Речь идет о фильме Бориса Ермолаева «Отче наш» (1989), экранизации рассказа Валентина Катаева, спокойно и даже несколько отстраненно повествовавшего о рядовой трагической ситуации гитлеровского геноцида в неназванном, но конкретном южном городе, в котором угадывается Одесса. В восемьдесят восьмом, когда картина запускалась в производство, Ермолаев, как и весь отечественный кинематограф, был еще просто не готов к реалистическому, обстоятельному, дотошному описанию гибели советского еврейства (не забудем, правда, что двумя десятилетиями ранее это сделал Аскольдов в своем «Комиссаре», который вышел на экраны почти одновременно с фильмом Ермолаева и тем самым продемонстрировал несоизмеримость критериев). Ермолаев решает свой фильм как некую апокалиптическую притчу о конце света, о торжествующем вселенском зле, не имеющем лица и облика человеческого. Он и снимает фильм как кинематографическую версию Апокалипсиса, и недаром эпиграфом и музыкальным ключом к сюжету звучат строки из «Откровения Иоанна Богослова»: «Первый Ангел вострубил, и сделались град и огонь, смешанные с кровью…»
Сейчас, спустя десять лет после первого просмотра, мне приходит в голову мысль: а не видел ли Ермолаев случаем картину Иржи Секвенса «Имя пятого всадника Страх», вся квазибиблейская пластика которого и атмосфера родом из Босха и Брейгеля, ибо даже персонажи советской картины удивительно напоминают своих собратьев из чешской ленты двадцатилетней давности. Разумеется, это воспоминание не в укор – откуда было взять режиссеру средней руки образцы для подражания, если не с просмотров в Доме кино или залах Госфильмофонда? И потому здесь каждое лыко в строку. Потому здесь важна не столько пластика, не столько поэтика, не столько оригинальность, наконец, сколько тематика. Сколько простенькая, в сущности говоря, история еврейской женщины (актриса Маргарита Терехова) с ребенком, мечущейся по городу, в котором царит смерть, в поисках убежища, в поисках жизни, и не находящей ни помощи, ни сочувствия. Один только Апокалипсис: толпы людей, подгоняемых охраной и полицейскими псами, уходящих в никуда, в гибель, в небытие (кстати сказать, на них нет желтых магендовидов, есть тряпицы с номерами, и это должно, вероятно, свидетельствовать о тоталитаризме вообще, о геноциде вообще, обращенном не только против единоплеменников главной героини, но и против всех остальных).

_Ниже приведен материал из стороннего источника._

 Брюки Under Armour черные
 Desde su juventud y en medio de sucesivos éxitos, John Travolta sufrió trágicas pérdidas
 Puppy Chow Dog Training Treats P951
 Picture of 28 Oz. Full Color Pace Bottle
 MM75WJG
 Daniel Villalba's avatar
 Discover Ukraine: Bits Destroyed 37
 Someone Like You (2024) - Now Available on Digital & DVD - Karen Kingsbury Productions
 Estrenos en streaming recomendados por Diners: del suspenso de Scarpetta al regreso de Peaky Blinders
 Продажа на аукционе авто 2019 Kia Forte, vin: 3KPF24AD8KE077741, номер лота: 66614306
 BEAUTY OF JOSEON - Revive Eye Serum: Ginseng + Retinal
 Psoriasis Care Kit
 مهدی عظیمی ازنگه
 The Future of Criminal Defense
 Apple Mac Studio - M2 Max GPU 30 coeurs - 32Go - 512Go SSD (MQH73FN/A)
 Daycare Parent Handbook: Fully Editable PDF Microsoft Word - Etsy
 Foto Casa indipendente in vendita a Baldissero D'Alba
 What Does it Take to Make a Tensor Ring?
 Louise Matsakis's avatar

Это вполне вытекает из концепции картины и непротиворечиво укладывается в ряд прочих ее символических избыточностей: таких, как некий символический враг рода человеческого – Черный Человек со шрамом, преследующий героиню, а также персонажей, которые пытаются ей помочь, но в конечном счете разделяют ее участь, – Человек с колокольчиком, Аптекарша, Священник. Ермолаев словно выстраивает некий каталог ситуаций, ведущих героиню к гибели: вот она стоит в очереди, ведущей в гетто, где на первый взгляд можно укрыться, перетерпеть; вот она пытается спрятаться в церкви, но и там ее настигает погоня; вот она становится свидетельницей расстрела раздевшихся догола людей на ледяном ветру…
Вот, наконец, умирает и она, замерзнув на берегу моря, вместе с сыном, вместе с другими, и люди в черном сгребают крючьями их трупы в подъехавший грузовик… А над всем этим продолжает звучать новозаветный текст, который, скажем прямо, не имеет ровно никакого отношения к ветхозаветному сюжету картины, но со всей несомненностью подчеркивает стремление автора вывести катаевскую новеллу на уровень метафизической параболы о тщете человеческого существования, а заодно и возвысить эстетическую монотонность сюжета трагизмом поэтических строк: «Услышь, Господи, молитву мою, и внемли воплю моему; не будь безмолвен к слезам моим. Ибо странник я у Тебя и пришлец, как и все отцы мои. Отступи от меня, чтобы я мог подкрепиться, прежде нежели отойду и не будет меня».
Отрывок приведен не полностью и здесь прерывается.